Fired worker tells Sixth Circuit UCOR lacks sovereign immunity

By ExchangeMonitor

A former radiation technician fired after refusing to take the COVID-19 vaccine told a federal appeals court last week the Department of Energy’s environmental prime at Oak Ridge Site in Tennessee is not entitled to sovereign immunity.

In a legal brief filed March 19, lawyers for Yolonda Riggs, told the Sixth U.S. Court of Appeals that UCOR, an Amentum-Jacobs partnership, is not immune from Riggs’ wrongful termination lawsuit. Riggs was fired in January 2022 after refusing vaccination, citing religious beliefs.

“Ms. Riggs does not contest that the government validly conferred upon UCOR the authority to manage and operate the Oak Ridge Cleanup project,” according to the document. But the government “did not confer authority upon UCOR to implement a vaccine mandate.”

“It is far-fetched for UCOR to argue that it was authorized, and indeed, mandated by a July 2010 contract to implement a vaccine mandate to fight against COVID-19, a pandemic that did not enter the public lexicon until 2020,” according to the Riggs brief.

In its filing in February, UCOR said days after the Biden executive order, the Safer Federal Workforce Task Force issued its initial guidance for federal contractors and subcontractors. The guidance said contractors must “ensure that all covered contractor employees are fully vaccinated for COVID-19, unless the employee is legally entitled to an accommodation.” The task force set a deadline of Dec. 8, 2021, which was later extended to Jan. 18, 2022. The guidance was not lifted until May 2023. 
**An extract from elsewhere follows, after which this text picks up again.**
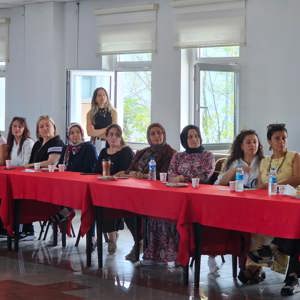 Çocukla İlişkiyi Oyunla Güçlendirme Projesiyle Bakım Personelinin Yetkinlikleri Güçlendiriliyor - fotoğraf 10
UCOR has argued it is immune from the lawsuit, saying it was following President Joe Biden’s executive order 14042, the COVID-19 federal contractor mandate in September 2021. Riggs’ attorneys, however, say any immunity is not absolute — because the cleanup contract explicitly says UCOR will comply with Tennessee law.

In November 2021 the Tennessee General Assembly passed a law blocking various private and government entities from compelling workers to provide proof of vaccination in order to keep a job. The vaccination mandate announced by UCOR president Ken Rueter in August 2021, however, said workers must “provide proof” of vaccination.  

UCOR operated without any mandate from the start of the pandemic in early 2020 until November 2021, “and there is no reason it could not have accommodated Ms. Riggs (and complied with Tennessee law) by continued use of alternative measures,” according to the brief. Measures such as remote work, physical distance, frequent testing and mandatory masking, were used at various times by UCOR.

“UCOR cannot have it both ways—either UCOR was in violation of the contract if allowed employees to remain unvaccinated or it was not,” according to the Riggs brief. “The fact that UCOR allowed some employees to remain unvaccinated contradicts its argument that it would be in violation of the contract if it did not mandate vaccines.”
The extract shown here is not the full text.